Instructions to follow.
Omit the pictures and return exactly the stretch of the material below from the line with "August Family Events" through the line with "Peach Rose on".

Records to use.
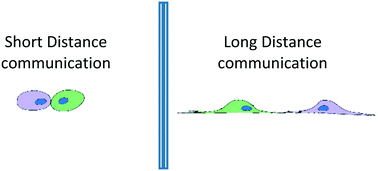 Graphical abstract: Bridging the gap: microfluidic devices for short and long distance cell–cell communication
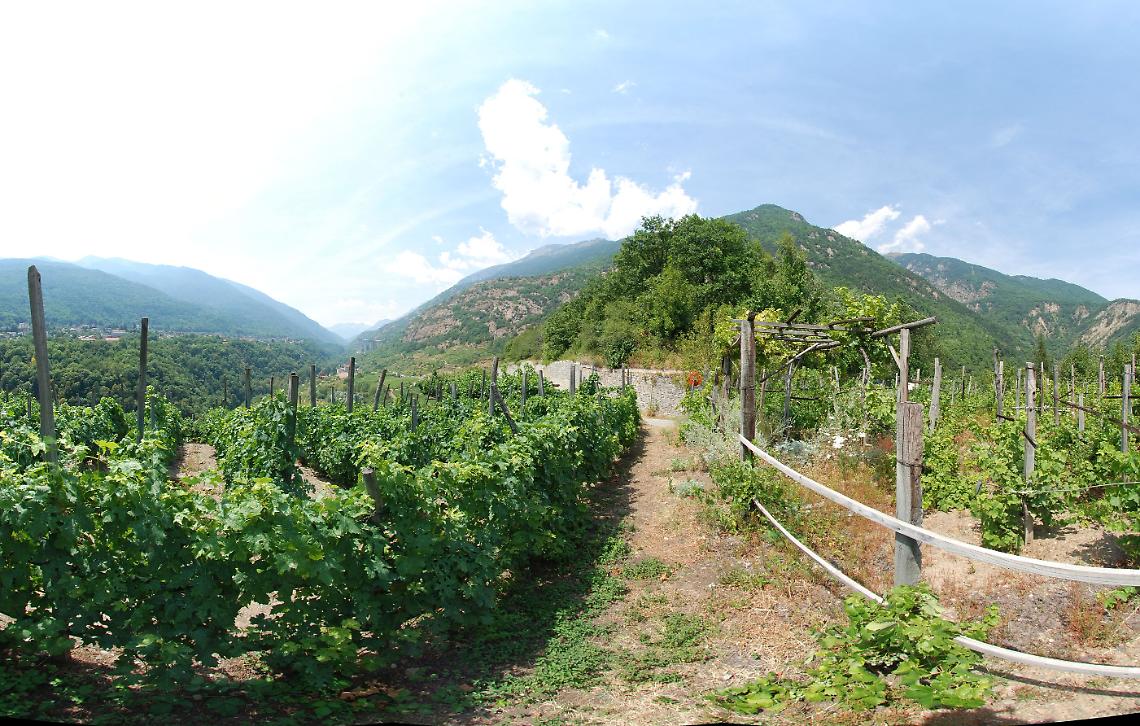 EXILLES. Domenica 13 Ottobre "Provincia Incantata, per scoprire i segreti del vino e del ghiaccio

--

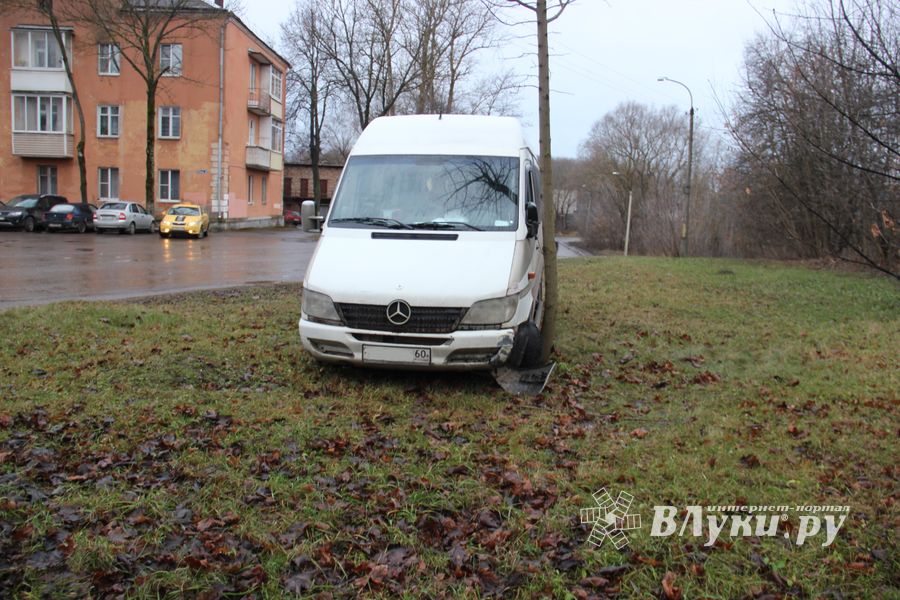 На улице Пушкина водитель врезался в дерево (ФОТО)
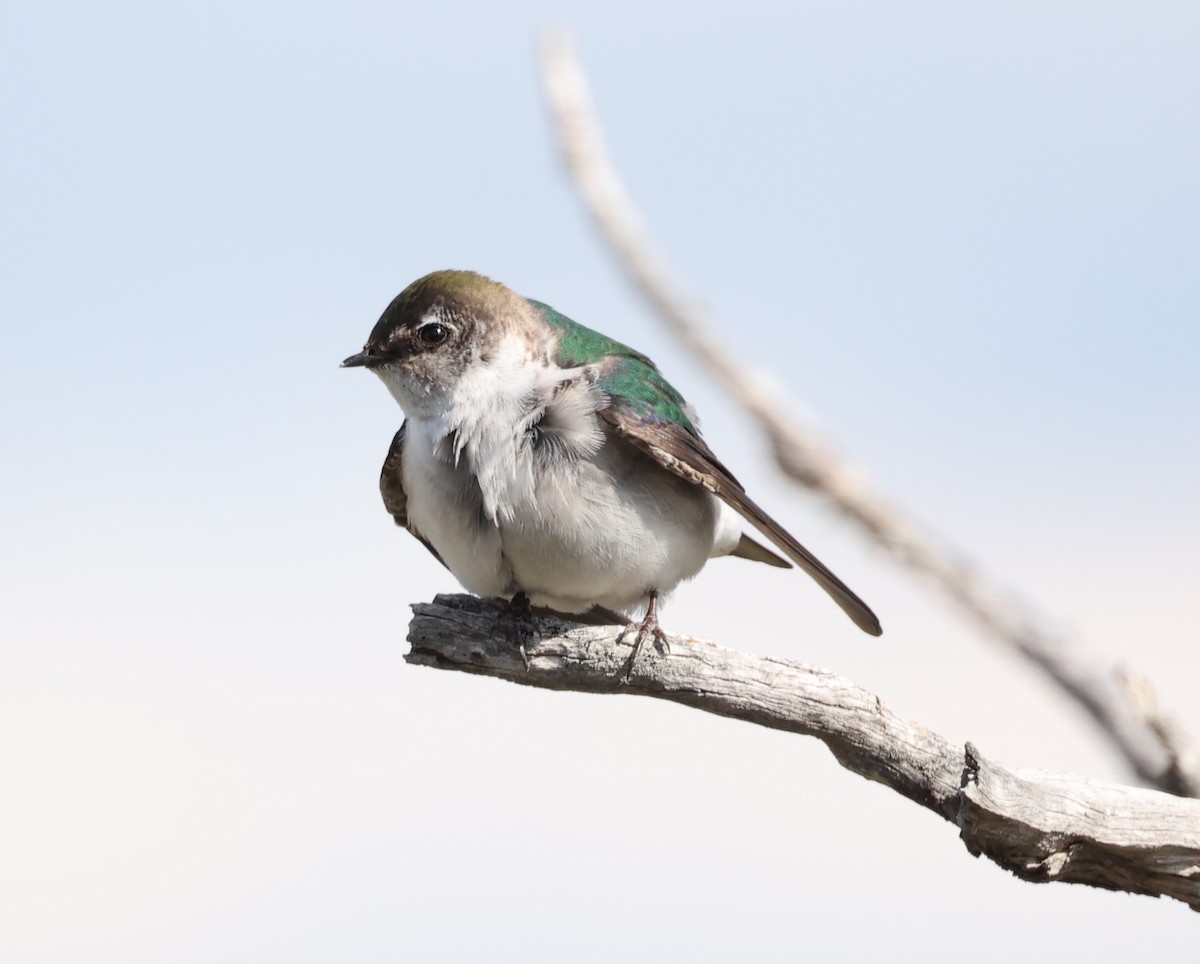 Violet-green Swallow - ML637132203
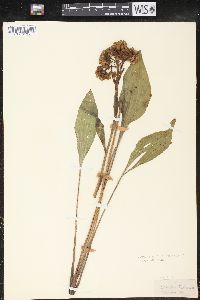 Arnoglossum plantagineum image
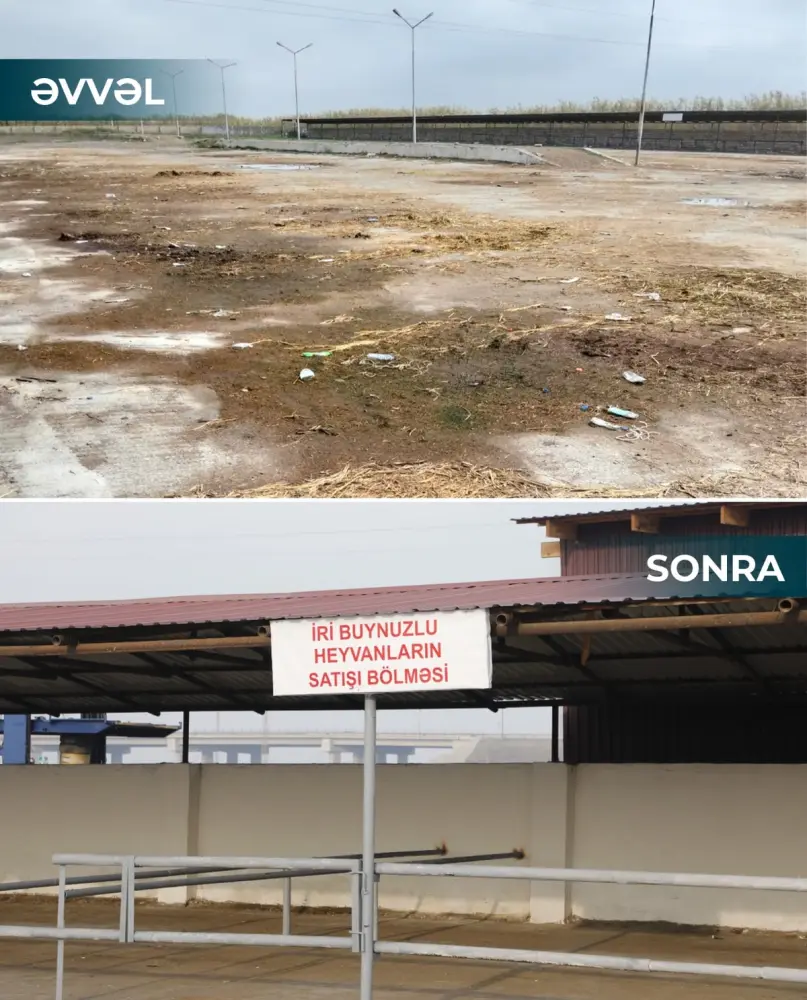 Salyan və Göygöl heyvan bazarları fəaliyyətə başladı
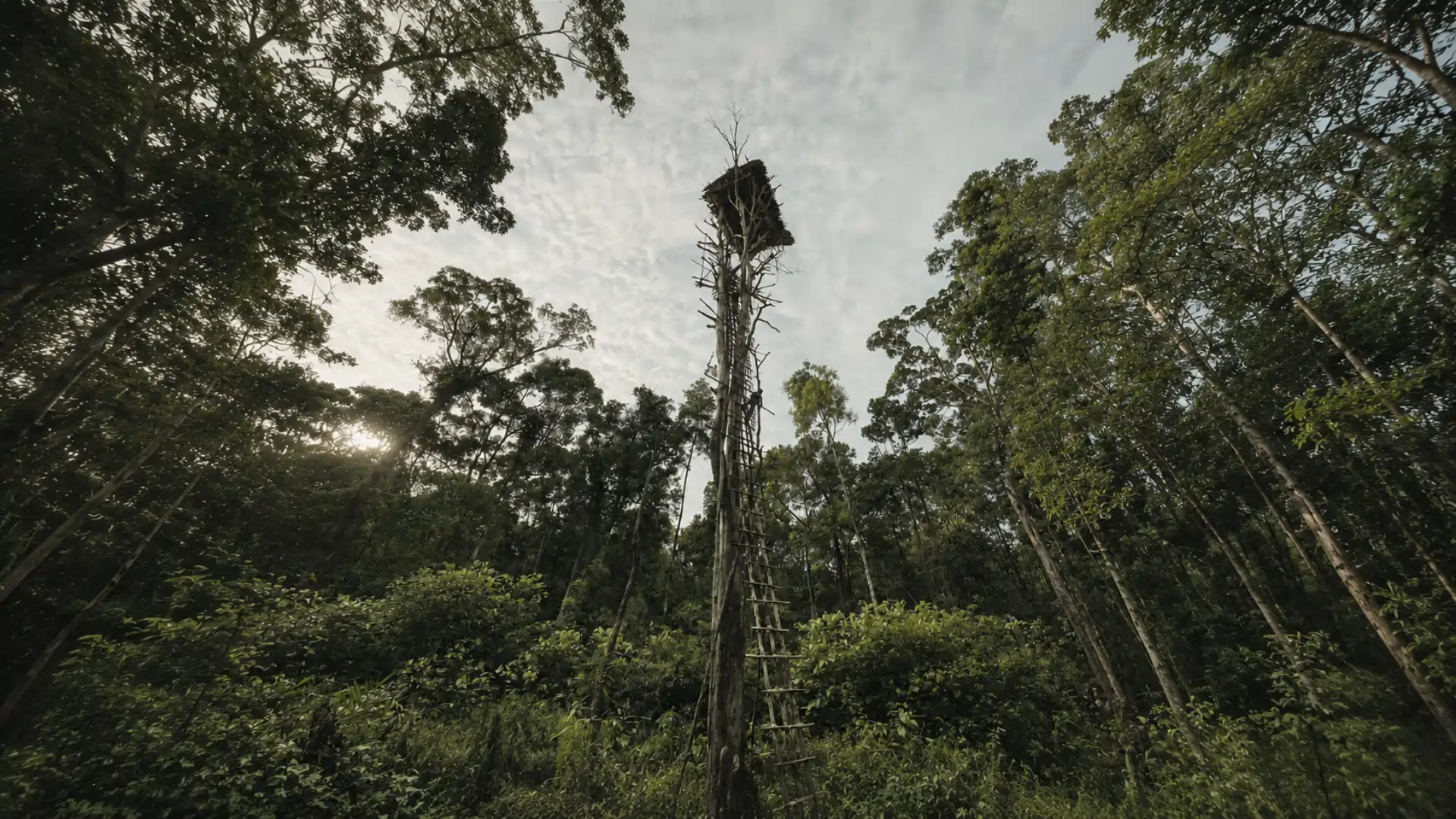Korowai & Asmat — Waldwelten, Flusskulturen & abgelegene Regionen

* * *

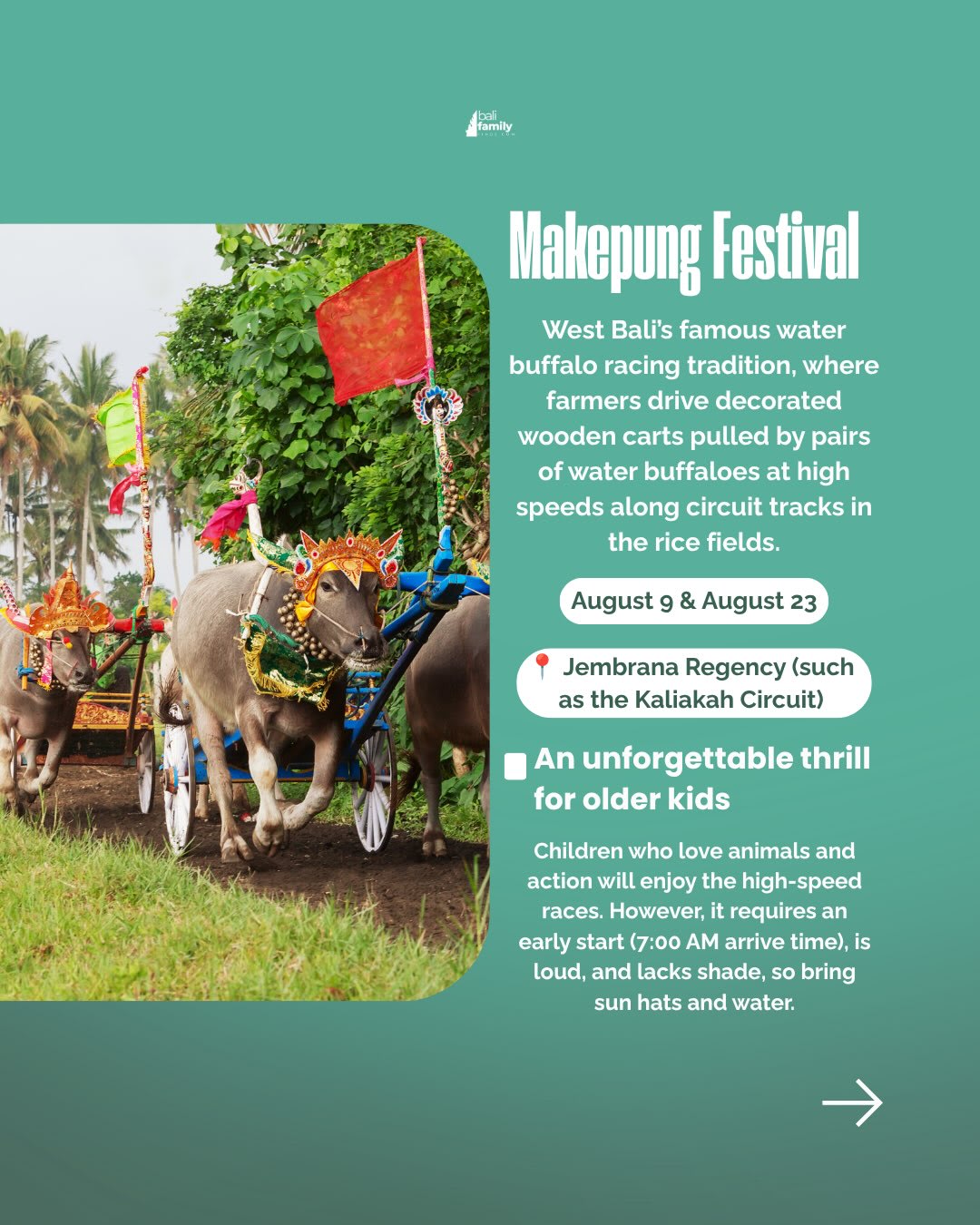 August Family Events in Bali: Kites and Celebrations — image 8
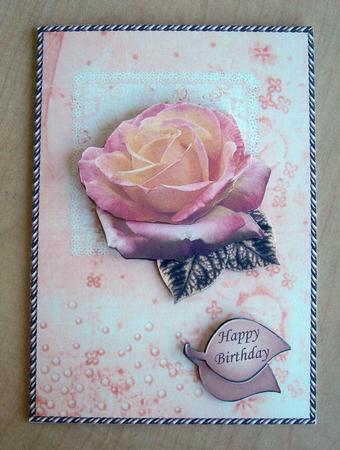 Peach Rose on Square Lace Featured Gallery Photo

Answer space.
 August Family Events in Bali: Kites and Celebrations — image 8
 Peach Rose on Square Lace Featured Gallery Photo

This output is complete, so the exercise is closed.